■ WHAT THE TASK REQUIRES
Would you repeat every entry below word for word but drop the images?

■ DATA SUPPLIED
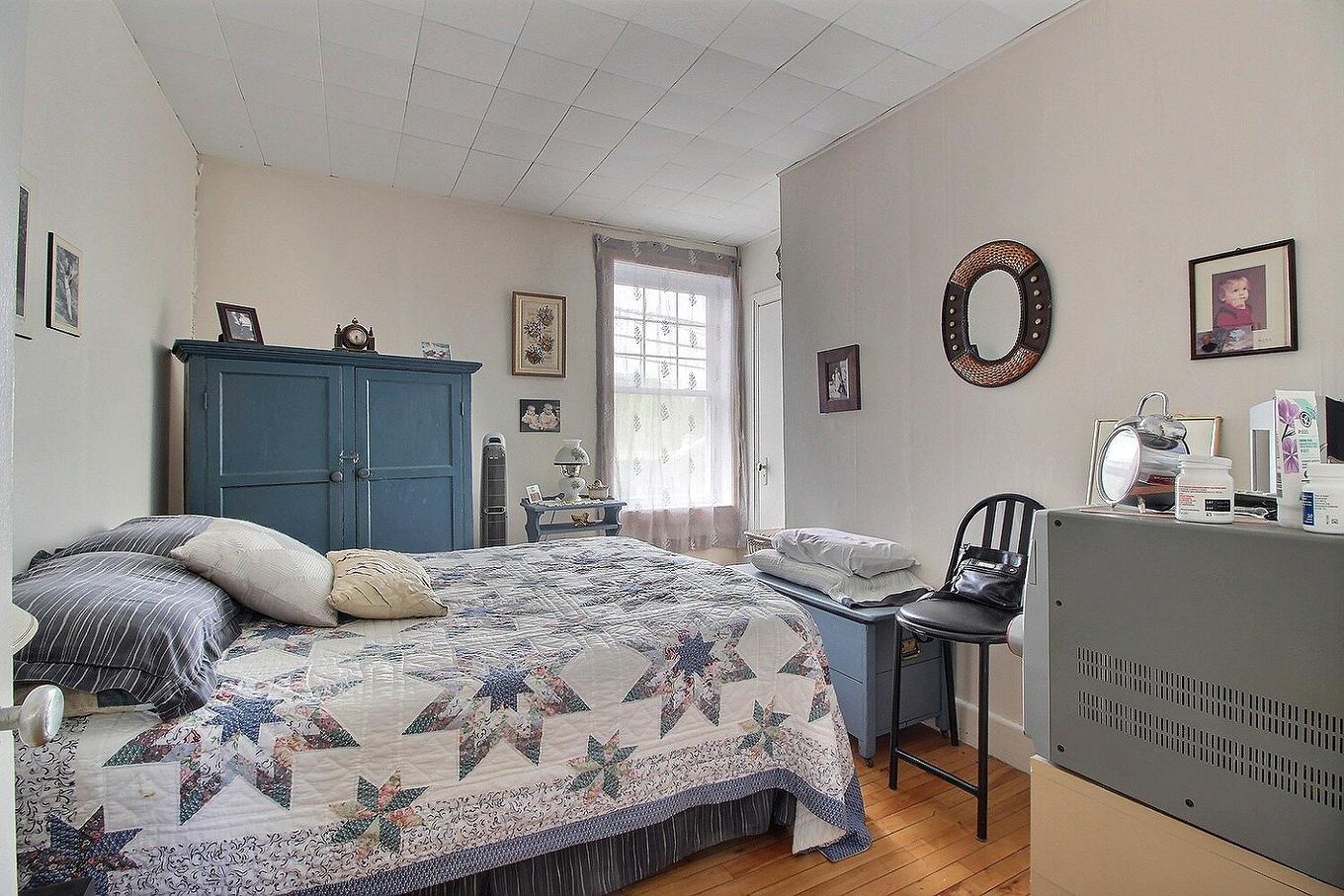 Bedroom - 1099 - 1105 Rue Main, Ayer'S Cliff, QC - Indoor Photo Showing Bedroom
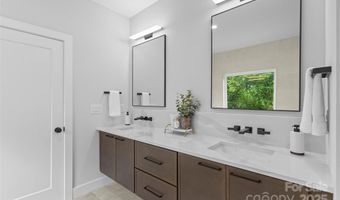 1613 Umstead St, Charlotte, NC 28205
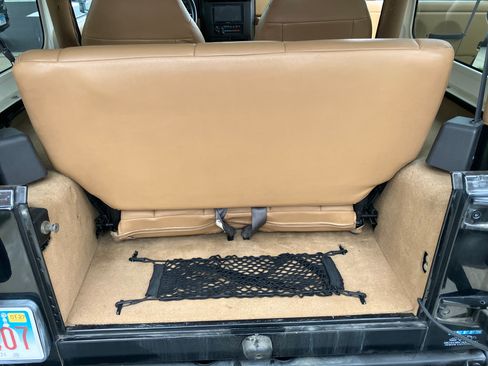 Used 1998 Jeep Wrangler Sahara AWD/4WD image 29
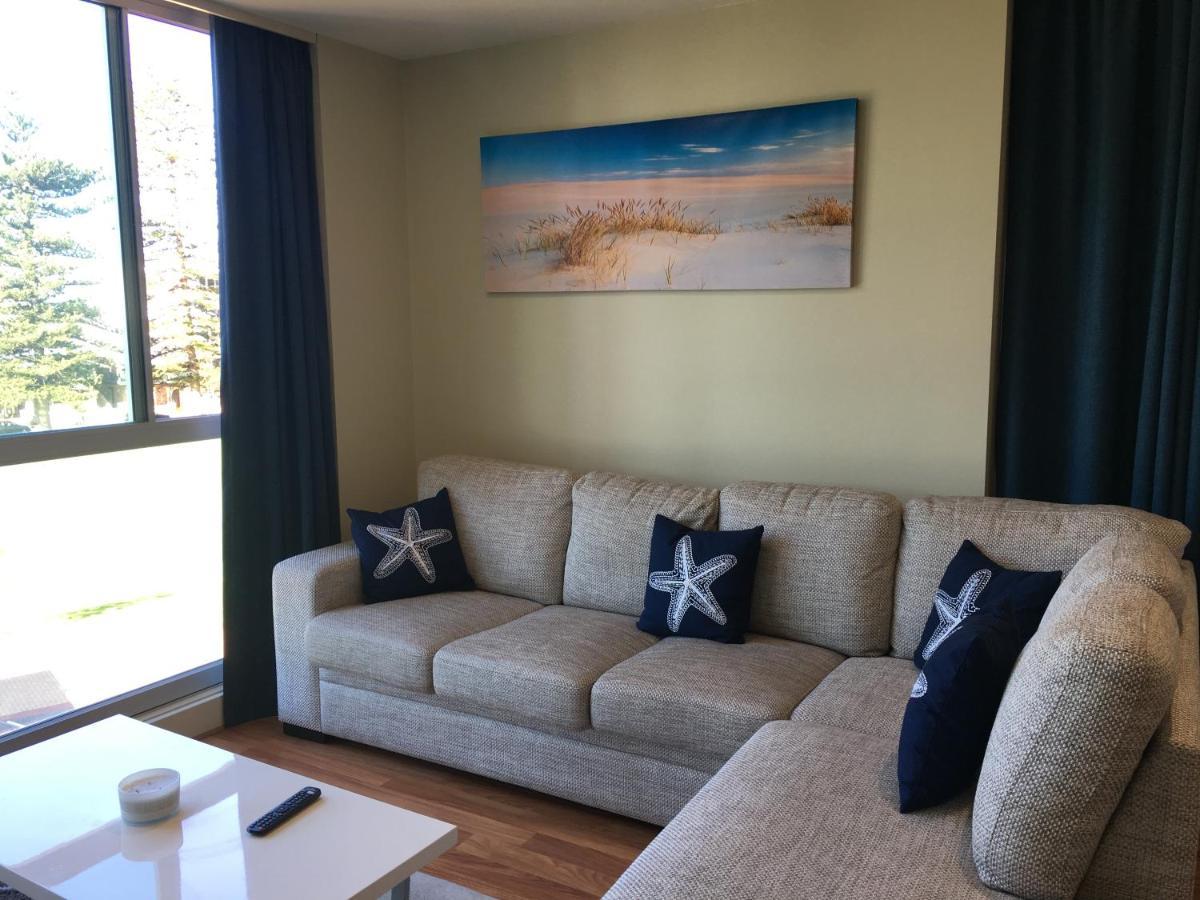 Beachside Luxury Apartments One & Two Bedroom In Beachfront Oaks Pier Building Glenelg Exterior foto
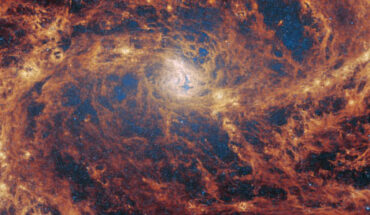 This Webb image shows Messier 83. Image credit: NASA / ESA / CSA / Webb / A. Adamo, Stockholm University / FEAST JWST Team.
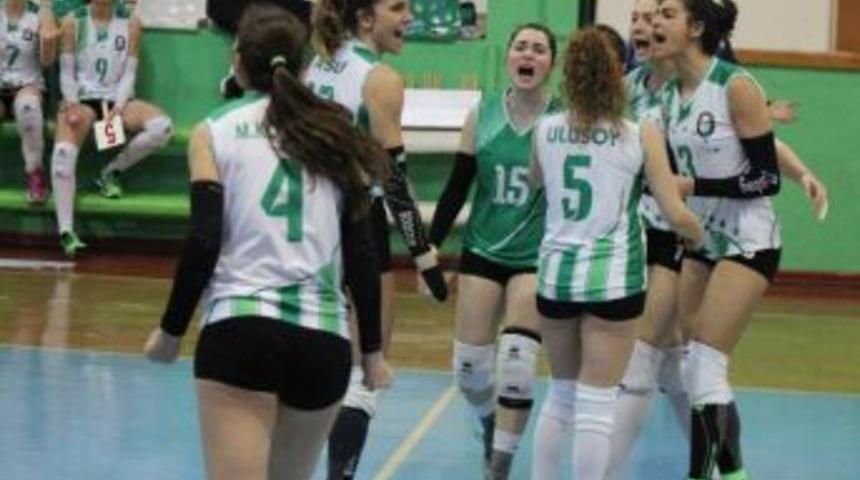 Salihli Belediyespor, İzmir&rsquo;de Coştu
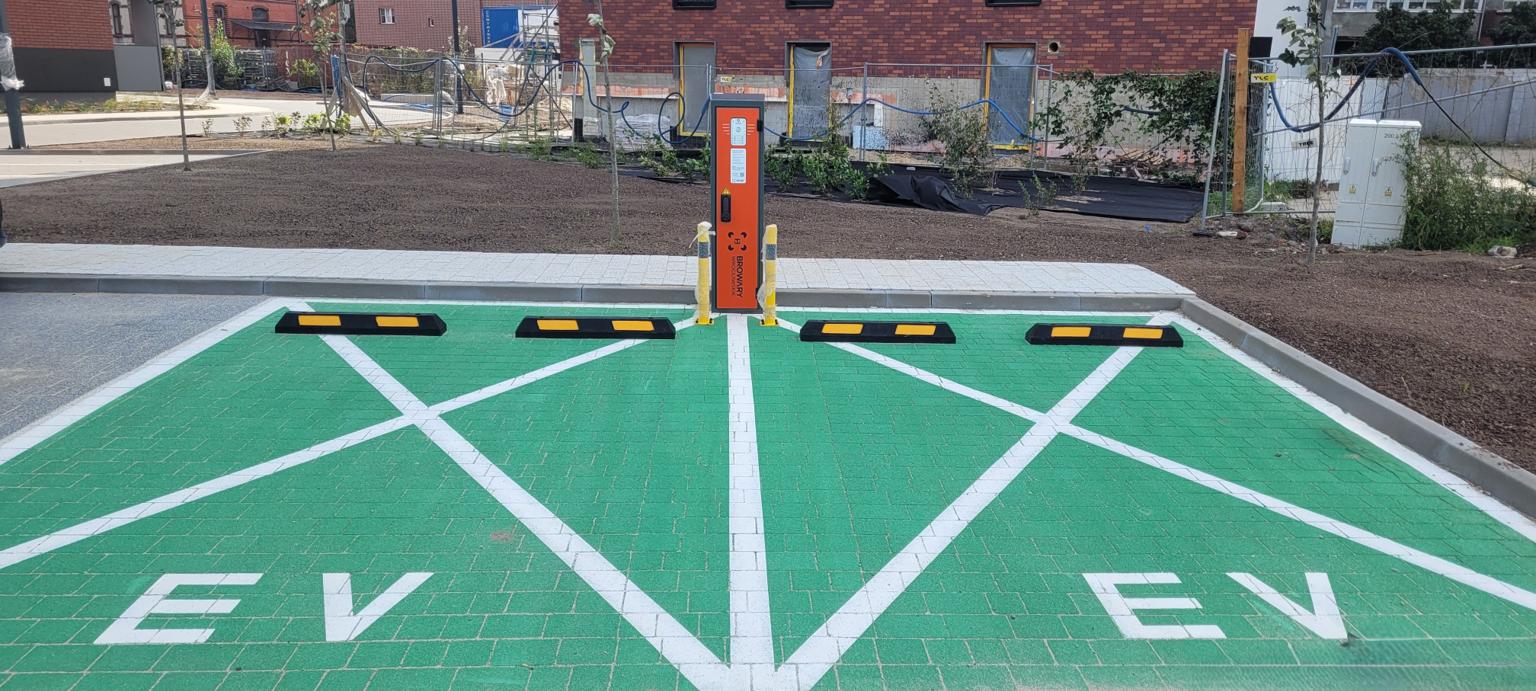 Stacja ładowania AC 2x22 kW z personalizacją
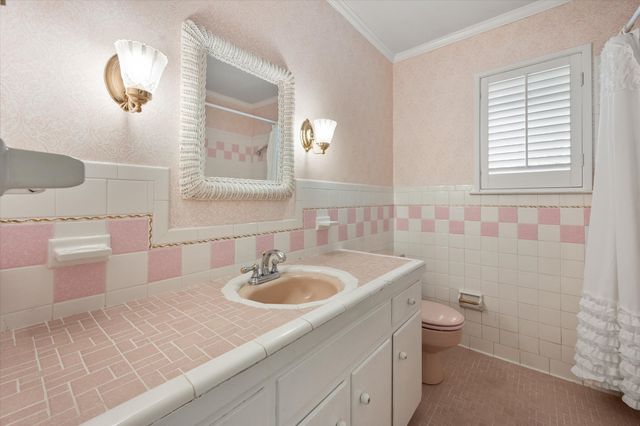 604 Waggoner Drive, Arlington, TX 76013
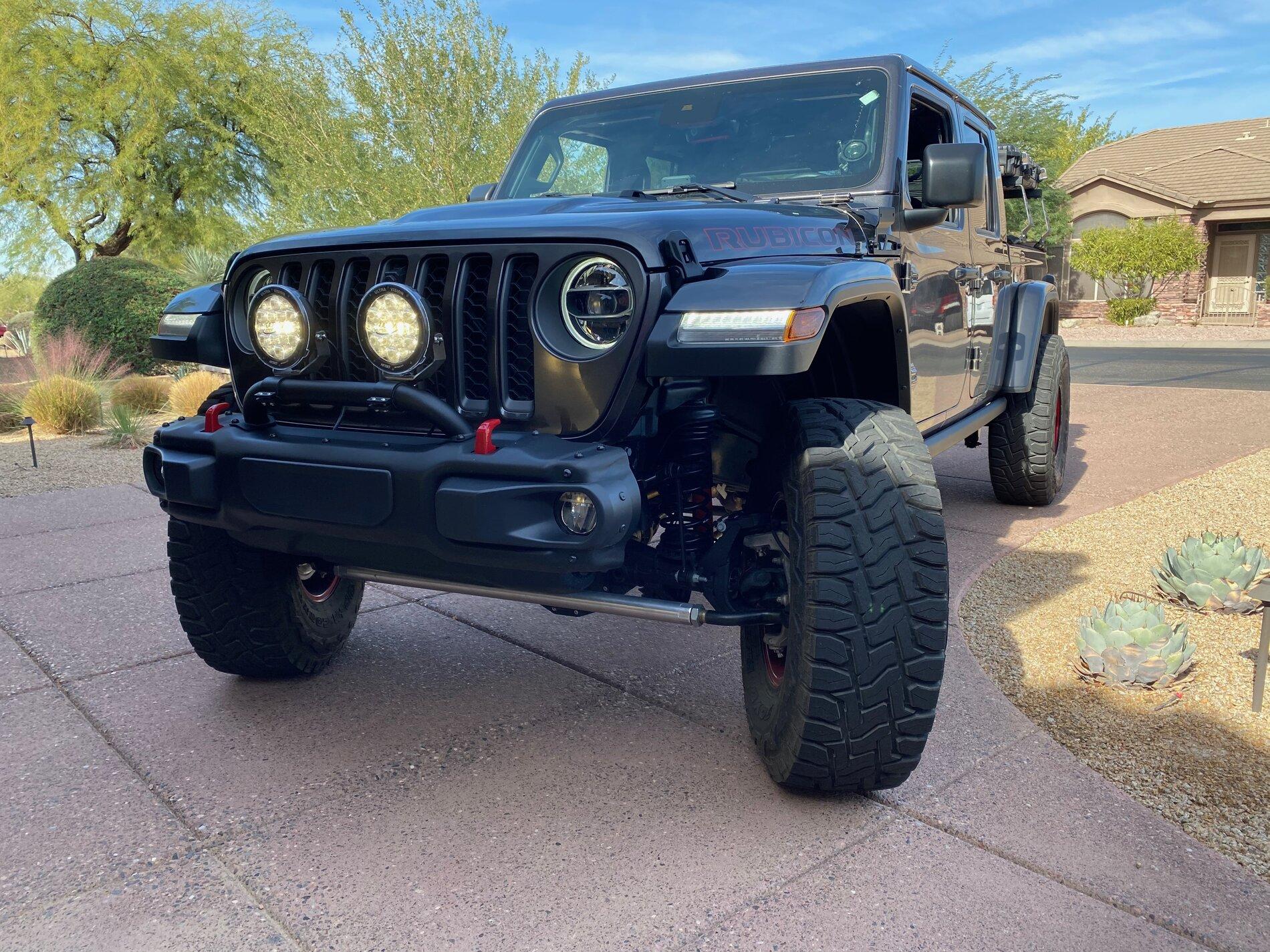 Jeep Gladiator Any suggestions on a front bumper that will fit the stock LEDs? 2020-gladiator-front-1-jpe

■ ANSWER BELOW
 Bedroom - 1099 - 1105 Rue Main, Ayer'S Cliff, QC - Indoor Photo Showing Bedroom
 1613 Umstead St, Charlotte, NC 28205
 Used 1998 Jeep Wrangler Sahara AWD/4WD image 29
 Beachside Luxury Apartments One & Two Bedroom In Beachfront Oaks Pier Building Glenelg Exterior foto
 This Webb image shows Messier 83. Image credit: NASA / ESA / CSA / Webb / A. Adamo, Stockholm University / FEAST JWST Team.
 Salihli Belediyespor, İzmir&rsquo;de Coştu
 Stacja ładowania AC 2x22 kW z personalizacją
 604 Waggoner Drive, Arlington, TX 76013
 Jeep Gladiator Any suggestions on a front bumper that will fit the stock LEDs? 2020-gladiator-front-1-jpe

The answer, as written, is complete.